The experimental workflow architecture implemented on the Swiss Cat+ West hub platform is divided into two main parts: the synthesis platform for automated chemical reactions and the analytical platform equipped with instrumentation provided primarily by two major suppliers: Agilent17 and Bruker.18 This setup facilitates the generation of harmonized datasets between analytical techniques by reducing variability and promoting data standardization. Agilent and Bruker instruments are indicated with different dashed box styles: long dashes for Agilent and alternating dot-dash lines for Bruker, as shown in the workflow in Fig. 1. All intermediate and final data products are stored in structured formats depending on the analytical method and instrument: the Allotrope Simple Model19-JavaScript Object Notation (ASM-JSON), JSON or Extensible Markup Language (XML)20 format. These formats support automated data integration, reproducibility, and downstream machine learning applications.
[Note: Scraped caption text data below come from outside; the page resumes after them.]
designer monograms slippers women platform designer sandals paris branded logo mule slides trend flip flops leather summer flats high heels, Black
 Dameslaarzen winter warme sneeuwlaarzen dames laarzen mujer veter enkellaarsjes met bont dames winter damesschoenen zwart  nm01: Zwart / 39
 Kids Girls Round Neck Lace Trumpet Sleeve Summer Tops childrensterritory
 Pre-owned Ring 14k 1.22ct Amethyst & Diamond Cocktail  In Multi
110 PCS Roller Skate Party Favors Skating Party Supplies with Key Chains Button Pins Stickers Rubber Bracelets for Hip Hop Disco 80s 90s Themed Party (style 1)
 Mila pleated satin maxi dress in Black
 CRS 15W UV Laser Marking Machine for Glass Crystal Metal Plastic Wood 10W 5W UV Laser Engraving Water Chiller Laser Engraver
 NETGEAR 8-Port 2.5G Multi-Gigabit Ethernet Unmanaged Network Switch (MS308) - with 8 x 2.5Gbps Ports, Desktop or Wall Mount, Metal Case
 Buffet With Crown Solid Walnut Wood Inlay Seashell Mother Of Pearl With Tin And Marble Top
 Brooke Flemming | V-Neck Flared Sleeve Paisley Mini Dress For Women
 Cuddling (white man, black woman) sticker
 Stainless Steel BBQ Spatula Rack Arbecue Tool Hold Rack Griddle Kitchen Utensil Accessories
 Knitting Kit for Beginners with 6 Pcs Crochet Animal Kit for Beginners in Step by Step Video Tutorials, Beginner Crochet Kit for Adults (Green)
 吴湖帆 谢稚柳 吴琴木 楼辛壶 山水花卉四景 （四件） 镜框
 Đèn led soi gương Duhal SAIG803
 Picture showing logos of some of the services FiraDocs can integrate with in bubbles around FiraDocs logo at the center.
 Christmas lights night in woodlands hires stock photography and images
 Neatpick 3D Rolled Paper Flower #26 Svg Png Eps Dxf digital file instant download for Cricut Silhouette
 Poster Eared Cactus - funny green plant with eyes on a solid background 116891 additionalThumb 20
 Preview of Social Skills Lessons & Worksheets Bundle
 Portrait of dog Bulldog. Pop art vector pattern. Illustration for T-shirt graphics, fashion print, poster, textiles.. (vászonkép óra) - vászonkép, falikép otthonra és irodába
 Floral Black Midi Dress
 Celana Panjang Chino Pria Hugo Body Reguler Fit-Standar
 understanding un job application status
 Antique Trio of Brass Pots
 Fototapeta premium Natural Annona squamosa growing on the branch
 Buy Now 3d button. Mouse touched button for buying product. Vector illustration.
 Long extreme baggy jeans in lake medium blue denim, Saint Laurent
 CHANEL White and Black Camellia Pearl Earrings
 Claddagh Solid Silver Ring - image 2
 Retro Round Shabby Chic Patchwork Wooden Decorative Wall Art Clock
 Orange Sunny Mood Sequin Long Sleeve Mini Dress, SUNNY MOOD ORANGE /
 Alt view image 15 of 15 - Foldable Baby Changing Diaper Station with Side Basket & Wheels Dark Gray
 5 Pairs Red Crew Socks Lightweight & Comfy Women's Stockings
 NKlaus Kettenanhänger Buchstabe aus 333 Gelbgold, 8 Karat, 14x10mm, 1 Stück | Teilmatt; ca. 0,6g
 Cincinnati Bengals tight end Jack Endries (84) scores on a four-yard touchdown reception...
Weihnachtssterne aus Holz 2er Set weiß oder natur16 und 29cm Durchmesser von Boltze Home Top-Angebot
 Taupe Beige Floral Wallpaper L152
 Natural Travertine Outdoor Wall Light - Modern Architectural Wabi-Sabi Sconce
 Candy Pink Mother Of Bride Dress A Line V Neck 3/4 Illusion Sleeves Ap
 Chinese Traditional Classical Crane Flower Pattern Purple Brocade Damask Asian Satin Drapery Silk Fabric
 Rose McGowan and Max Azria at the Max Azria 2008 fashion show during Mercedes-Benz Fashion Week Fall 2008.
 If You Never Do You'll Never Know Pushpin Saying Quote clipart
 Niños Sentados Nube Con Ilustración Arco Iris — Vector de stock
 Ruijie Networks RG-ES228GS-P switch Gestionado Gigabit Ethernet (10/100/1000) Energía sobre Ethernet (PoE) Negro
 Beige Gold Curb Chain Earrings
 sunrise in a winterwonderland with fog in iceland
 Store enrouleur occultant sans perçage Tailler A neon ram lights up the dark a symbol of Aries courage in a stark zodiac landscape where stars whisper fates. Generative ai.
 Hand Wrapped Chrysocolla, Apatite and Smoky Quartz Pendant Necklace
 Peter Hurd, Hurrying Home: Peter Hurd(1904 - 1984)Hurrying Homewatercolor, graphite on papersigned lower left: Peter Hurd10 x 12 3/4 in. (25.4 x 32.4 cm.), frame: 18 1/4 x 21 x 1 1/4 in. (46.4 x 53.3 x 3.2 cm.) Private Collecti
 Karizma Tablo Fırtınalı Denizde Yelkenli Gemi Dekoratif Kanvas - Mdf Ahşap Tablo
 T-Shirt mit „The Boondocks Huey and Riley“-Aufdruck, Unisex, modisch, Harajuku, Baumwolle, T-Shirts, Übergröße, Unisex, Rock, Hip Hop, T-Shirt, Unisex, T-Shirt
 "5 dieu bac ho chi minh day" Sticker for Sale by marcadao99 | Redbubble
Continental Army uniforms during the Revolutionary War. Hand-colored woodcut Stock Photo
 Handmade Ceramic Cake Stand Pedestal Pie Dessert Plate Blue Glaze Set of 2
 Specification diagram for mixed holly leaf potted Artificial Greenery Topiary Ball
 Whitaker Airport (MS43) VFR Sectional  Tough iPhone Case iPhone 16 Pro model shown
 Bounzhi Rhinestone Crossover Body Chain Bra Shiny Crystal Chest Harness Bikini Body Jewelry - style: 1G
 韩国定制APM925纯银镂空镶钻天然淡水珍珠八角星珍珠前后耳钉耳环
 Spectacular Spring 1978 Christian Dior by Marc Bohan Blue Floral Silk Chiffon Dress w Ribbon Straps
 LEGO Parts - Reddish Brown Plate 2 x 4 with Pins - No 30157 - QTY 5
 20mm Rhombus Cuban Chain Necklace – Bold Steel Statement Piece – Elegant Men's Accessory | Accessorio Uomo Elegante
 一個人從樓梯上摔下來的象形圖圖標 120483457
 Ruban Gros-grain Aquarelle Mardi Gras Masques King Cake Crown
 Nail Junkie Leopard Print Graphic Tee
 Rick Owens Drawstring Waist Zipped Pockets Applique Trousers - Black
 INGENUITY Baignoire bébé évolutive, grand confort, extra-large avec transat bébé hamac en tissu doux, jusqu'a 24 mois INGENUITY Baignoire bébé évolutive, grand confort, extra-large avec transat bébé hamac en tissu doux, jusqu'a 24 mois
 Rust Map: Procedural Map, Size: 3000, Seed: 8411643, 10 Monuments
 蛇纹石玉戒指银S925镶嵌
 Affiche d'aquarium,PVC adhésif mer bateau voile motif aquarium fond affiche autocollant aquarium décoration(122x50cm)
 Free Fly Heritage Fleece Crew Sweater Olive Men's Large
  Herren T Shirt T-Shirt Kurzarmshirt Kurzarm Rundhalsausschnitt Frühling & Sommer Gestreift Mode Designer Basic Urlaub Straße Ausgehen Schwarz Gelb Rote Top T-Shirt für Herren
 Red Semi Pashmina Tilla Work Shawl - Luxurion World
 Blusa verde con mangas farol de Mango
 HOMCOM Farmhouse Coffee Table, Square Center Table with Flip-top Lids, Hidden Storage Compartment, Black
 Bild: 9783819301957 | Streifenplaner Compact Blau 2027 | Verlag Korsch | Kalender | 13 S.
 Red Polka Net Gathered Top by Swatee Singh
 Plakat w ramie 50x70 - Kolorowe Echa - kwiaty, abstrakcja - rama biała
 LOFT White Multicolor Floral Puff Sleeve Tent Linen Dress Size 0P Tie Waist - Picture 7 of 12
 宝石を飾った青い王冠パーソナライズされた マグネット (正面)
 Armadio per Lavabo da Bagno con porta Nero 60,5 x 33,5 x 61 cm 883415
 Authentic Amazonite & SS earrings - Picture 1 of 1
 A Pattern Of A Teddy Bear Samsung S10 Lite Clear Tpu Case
The proposed architecture is designed as a modular, end-to-end digital workflow, where each system component communicates through standardized metadata schemes. It implements a fully digitized and reproducible platform for automated chemical discovery that captures the complete experimental context, including negative results, branching decisions, and intermediate steps such as solvent changes or evaporation. Through the development of HT-CHEMBORD, the Swiss Cat+ West hub addresses key challenges in standardization and reproducibility faced in modern chemical research. Beyond accelerating discovery, the system provides the groundwork for autonomous experimentation and predictive synthesis through data-driven approaches. The workflow begins with the digital initialization of the project through a Human–Computer Interface (HCI).21 This interface enables structured input of sample and batch metadata, which are formatted and stored in a standardized JSON format. This metadata includes reaction conditions, reagents structures and batch identifiers, ensuring traceability and data integrity across all stages of experimentation.
Following metadata registration, compound synthesis is carried out using the Chemspeed automated platforms (2 Swing XL into Gloveboxes),22 which enables parallel, programmable chemical synthesis under controlled conditions (e.g., temperature, pressure, light frequency, shaking, stirring). These programmable parameters are essential to reproduce experimental conditions across different reaction campaigns. In addition, the use of such parameters facilitates the establishment of structure–property relationships. Reaction conditions, yields, and other synthesis-related parameters are automatically logged using the ArkSuite software,23 which generates structured synthesis data in JSON format. This file serves as the entry point for the subsequent analytical characterization pipeline.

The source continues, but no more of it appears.